◆ Your instructions ◆
Return the listing below verbatim. Pictures do not belong in the copy.

◆ Data below ◆
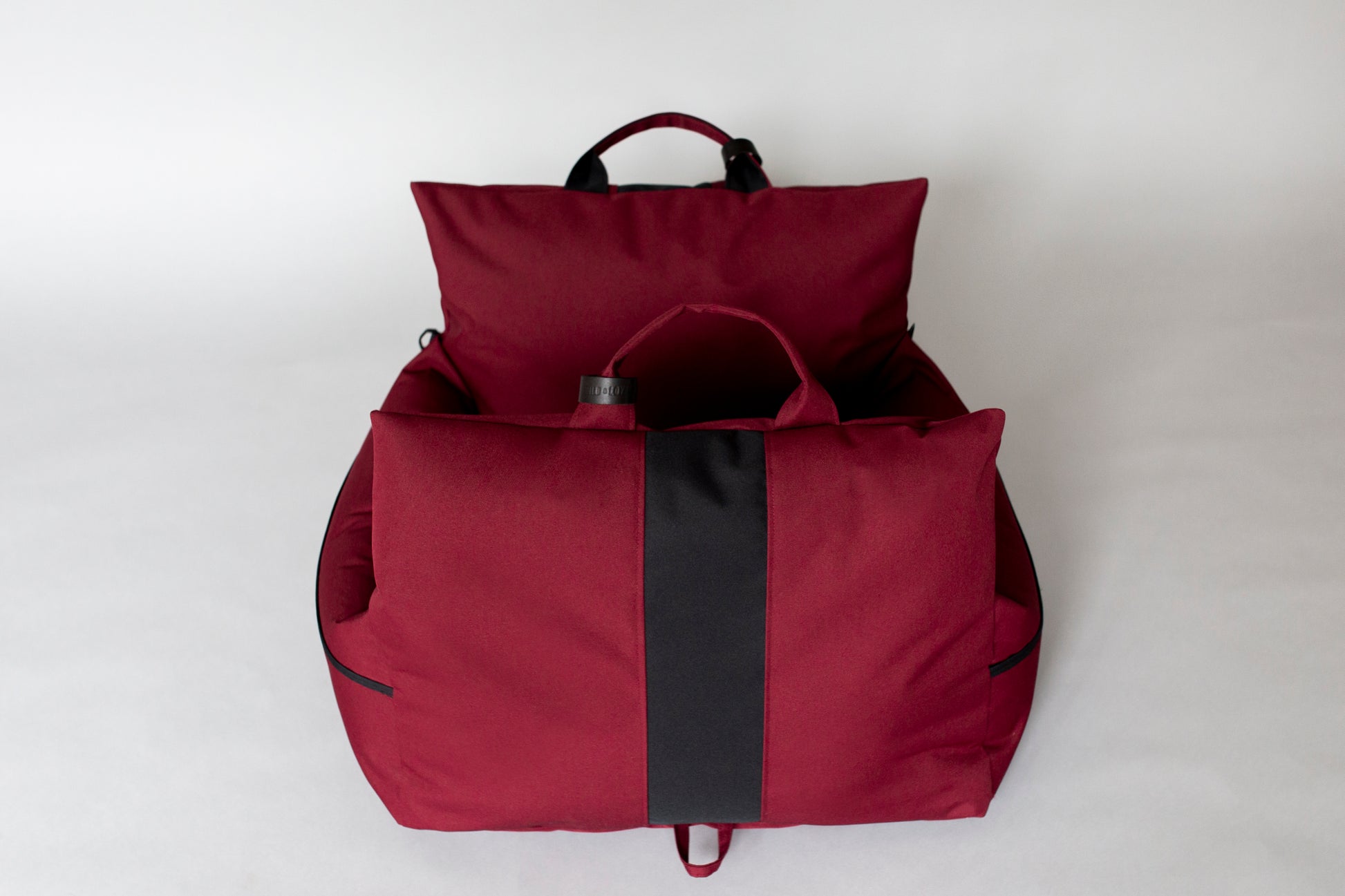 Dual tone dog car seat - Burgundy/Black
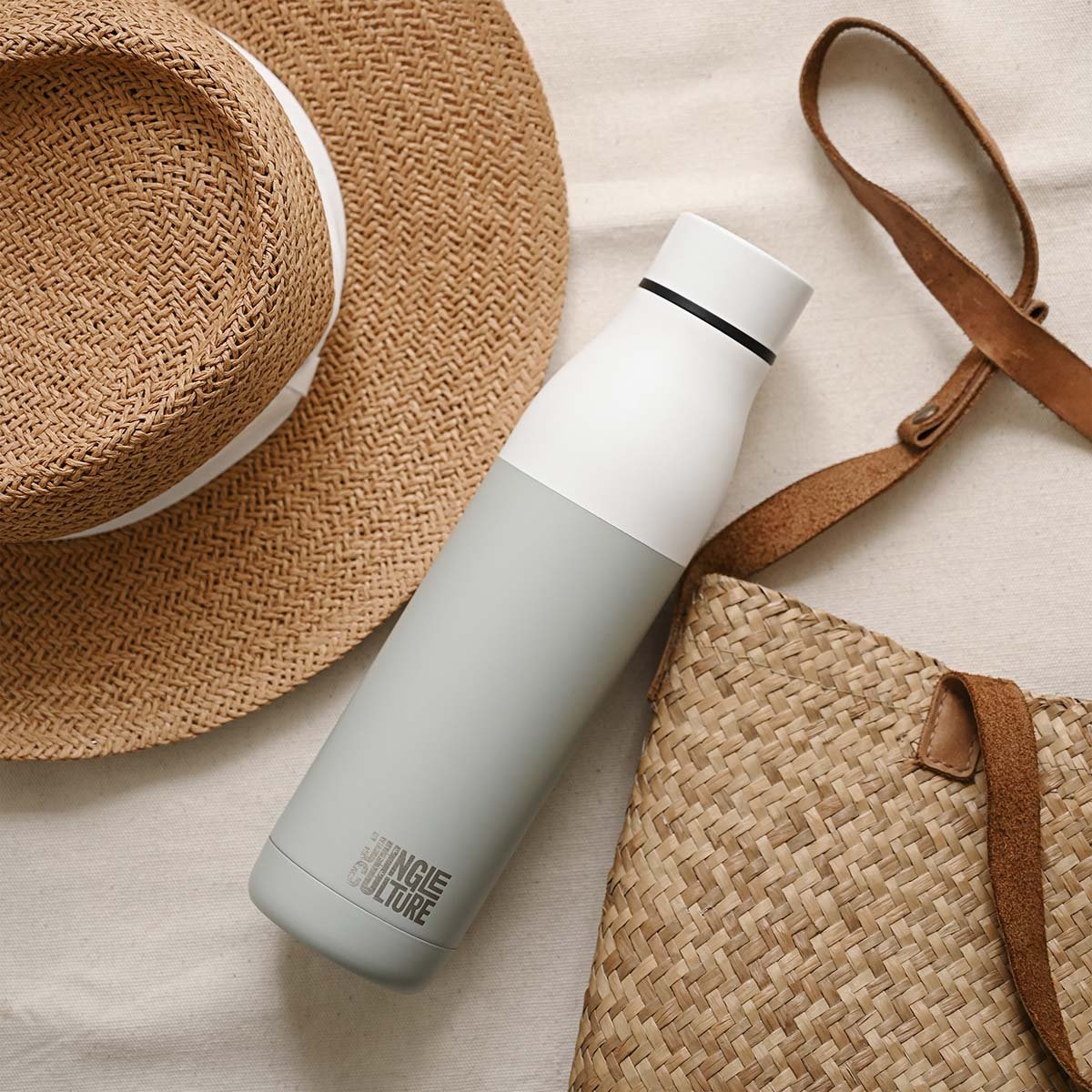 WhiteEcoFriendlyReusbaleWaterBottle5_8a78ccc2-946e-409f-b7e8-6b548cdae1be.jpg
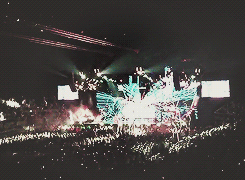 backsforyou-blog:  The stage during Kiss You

◆ Answer box ◆
 Dual tone dog car seat - Burgundy/Black
 WhiteEcoFriendlyReusbaleWaterBottle5_8a78ccc2-946e-409f-b7e8-6b548cdae1be.jpg
 backsforyou-blog:  The stage during Kiss You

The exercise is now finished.